▶ _What to work on_:
Hand back all of the records exactly as they read.
+ + + +
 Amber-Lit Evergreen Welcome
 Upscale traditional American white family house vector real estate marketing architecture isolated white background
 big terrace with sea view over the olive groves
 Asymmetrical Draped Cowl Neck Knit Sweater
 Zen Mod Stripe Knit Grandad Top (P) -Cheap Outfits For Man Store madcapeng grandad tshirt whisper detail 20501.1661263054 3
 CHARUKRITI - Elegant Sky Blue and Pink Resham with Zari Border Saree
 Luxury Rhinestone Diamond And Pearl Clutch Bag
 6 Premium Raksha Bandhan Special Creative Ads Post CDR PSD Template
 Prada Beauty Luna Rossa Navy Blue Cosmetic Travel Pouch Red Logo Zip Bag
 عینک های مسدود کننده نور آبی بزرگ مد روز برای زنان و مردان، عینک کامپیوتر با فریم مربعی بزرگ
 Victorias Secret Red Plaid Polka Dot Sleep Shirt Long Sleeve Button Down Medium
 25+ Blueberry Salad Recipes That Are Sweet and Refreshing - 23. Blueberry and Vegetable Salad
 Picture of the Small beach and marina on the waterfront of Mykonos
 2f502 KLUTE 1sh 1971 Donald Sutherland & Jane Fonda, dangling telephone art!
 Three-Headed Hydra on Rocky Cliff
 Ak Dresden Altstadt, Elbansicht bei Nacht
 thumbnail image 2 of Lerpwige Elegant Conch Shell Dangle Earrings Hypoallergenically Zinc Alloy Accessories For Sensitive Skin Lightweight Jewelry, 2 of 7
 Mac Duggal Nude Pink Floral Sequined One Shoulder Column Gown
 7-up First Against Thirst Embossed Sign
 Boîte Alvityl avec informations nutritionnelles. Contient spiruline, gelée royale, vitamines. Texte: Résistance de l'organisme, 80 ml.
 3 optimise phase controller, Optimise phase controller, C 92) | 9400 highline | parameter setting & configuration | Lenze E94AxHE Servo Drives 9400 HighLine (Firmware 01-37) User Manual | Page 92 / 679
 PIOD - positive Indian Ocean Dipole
+ + + +
▶ _Task result_:
 Amber-Lit Evergreen Welcome
 Upscale traditional American white family house vector real estate marketing architecture isolated white background
 big terrace with sea view over the olive groves
 Asymmetrical Draped Cowl Neck Knit Sweater
 Zen Mod Stripe Knit Grandad Top (P) -Cheap Outfits For Man Store madcapeng grandad tshirt whisper detail 20501.1661263054 3
 CHARUKRITI - Elegant Sky Blue and Pink Resham with Zari Border Saree
 Luxury Rhinestone Diamond And Pearl Clutch Bag
 6 Premium Raksha Bandhan Special Creative Ads Post CDR PSD Template
 Prada Beauty Luna Rossa Navy Blue Cosmetic Travel Pouch Red Logo Zip Bag
 عینک های مسدود کننده نور آبی بزرگ مد روز برای زنان و مردان، عینک کامپیوتر با فریم مربعی بزرگ
 Victorias Secret Red Plaid Polka Dot Sleep Shirt Long Sleeve Button Down Medium
 25+ Blueberry Salad Recipes That Are Sweet and Refreshing - 23. Blueberry and Vegetable Salad
 Picture of the Small beach and marina on the waterfront of Mykonos
 2f502 KLUTE 1sh 1971 Donald Sutherland & Jane Fonda, dangling telephone art!
 Three-Headed Hydra on Rocky Cliff
 Ak Dresden Altstadt, Elbansicht bei Nacht
 thumbnail image 2 of Lerpwige Elegant Conch Shell Dangle Earrings Hypoallergenically Zinc Alloy Accessories For Sensitive Skin Lightweight Jewelry, 2 of 7
 Mac Duggal Nude Pink Floral Sequined One Shoulder Column Gown
 7-up First Against Thirst Embossed Sign
 Boîte Alvityl avec informations nutritionnelles. Contient spiruline, gelée royale, vitamines. Texte: Résistance de l'organisme, 80 ml.
 3 optimise phase controller, Optimise phase controller, C 92) | 9400 highline | parameter setting & configuration | Lenze E94AxHE Servo Drives 9400 HighLine (Firmware 01-37) User Manual | Page 92 / 679
 PIOD - positive Indian Ocean Dipole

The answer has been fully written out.